23.The gravamen of the 2nd and 3rd applicants grievance is that 1st respondent illegally and or irregularly changed the 1st applicant’s directorship and continues to illegally carry on business in the name of the 1st applicant. In his letter dated March 10, 2021 to the Registrar, the 1st respondent stated that he was “not contesting” ownership of the company and conceded that documents in his possession concerning the purchase of the company were “not genuine” and he would “surrender’’ the company back to the applicants the DCI pursued the suspect who duped him by purporting to sell the company to him.
24.Hence, stricto sensu the 1st respondent was not a genuine director of the company as envisaged by the Companies Act, but probably a victim of fraud.

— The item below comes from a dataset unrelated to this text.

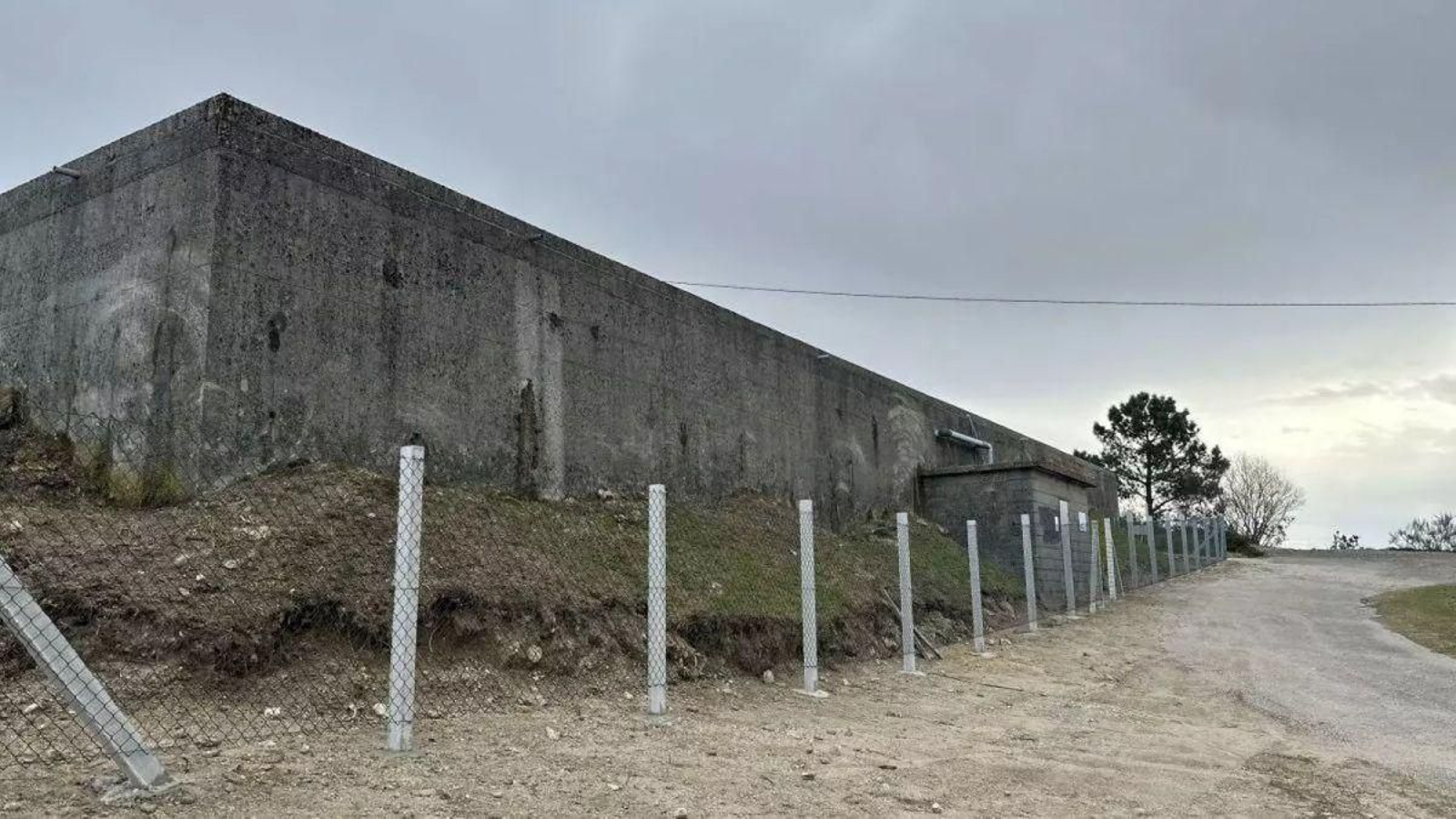 Imagen del depósito de Poroaugavella, que fue vaciado a mediados de mes.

On all probabilities, the 1st respondent was a man caught while obliviously wearing a stolen coat, which he promptly surrendered to the owner upon realizing the fact, but nevertheless continued to clutch onto the coat tails in a bid to extract the contents of the coat pocket. The 1st respondent having been installed as director through what appears to be a fraudulent scheme cannot qualify as a bona fide director of the company in respect of whom the provisions of section 238 of the Companies Act apply, and given his responses herein, the court is at a loss as to why his counsel has opted to assert the contrary.

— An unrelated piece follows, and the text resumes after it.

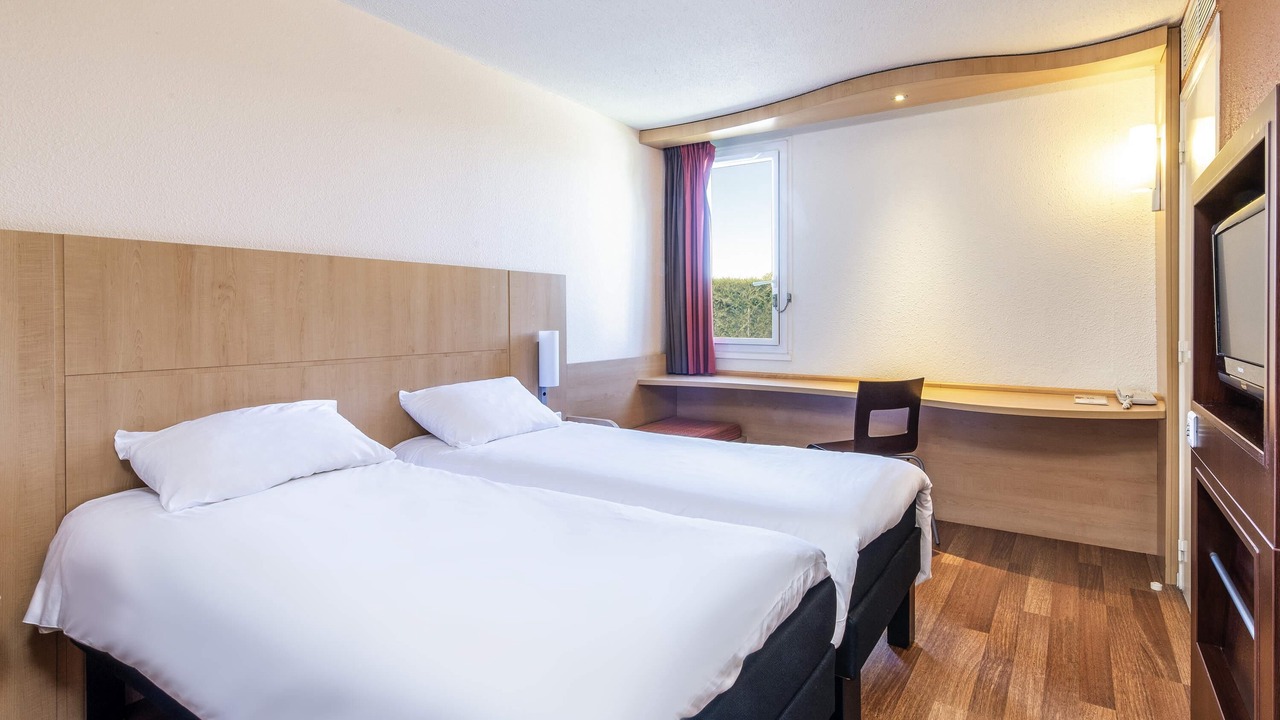 Photo of Bedroom in Issoire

25.On the second preliminary issue, the applicants have sought an injunctive order against Safaricom Plc which company has not be enjoined in the instant proceedings as a party. The rules of natural justice dictate that a party against whom orders are sought ought to be heard before any adverse orders issue as against him.

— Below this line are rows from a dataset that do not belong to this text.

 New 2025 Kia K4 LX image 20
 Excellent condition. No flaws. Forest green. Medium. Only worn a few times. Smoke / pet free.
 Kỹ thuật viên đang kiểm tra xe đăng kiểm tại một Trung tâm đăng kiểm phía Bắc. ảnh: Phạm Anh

26.This position was clearly explained by the Court of Appeal in Pashito Holdings Limited & another v Paul Ndungu & 2 others where it was noted that:The respondents could not have established a prima facie case with a probability of success which is an essential legal requirement in order to be entitled to an interlocutory injunction unless the Commissioner was a party to the proceedings. The learned judge should have directed that the Commissioner was a proper party without whom the relief sought against the Commissioner could not be granted. The rule of "audi alteram partem", which literally means hear the other side, is a rule of natural justice. According to Jowitts Dictionary of English Law (2nd Edition)"It is an indispensable requirement of justice that the party who had to decide shall hear both sides, giving each an opportunity of hearing what is urged against him". There is an unpronounceable Latin maxim which in simple English means:"He who shall decide anything without the other side having been heard, although he may have said what is right, will not have done what is right".The learned judge quite erroneously in our view said:“However, my view is, that in this particular case, it is not necessary to join the Commissioner of Lands as a basis of making such an order. In any case it was open to the defendants to join any party to these proceedings". With respect, he should have seen that it was not up to the appellants to fill up the gaping holes in the respondents’ case who alone should have suffered the consequences of not suing the party against whom they were seeking the relief”.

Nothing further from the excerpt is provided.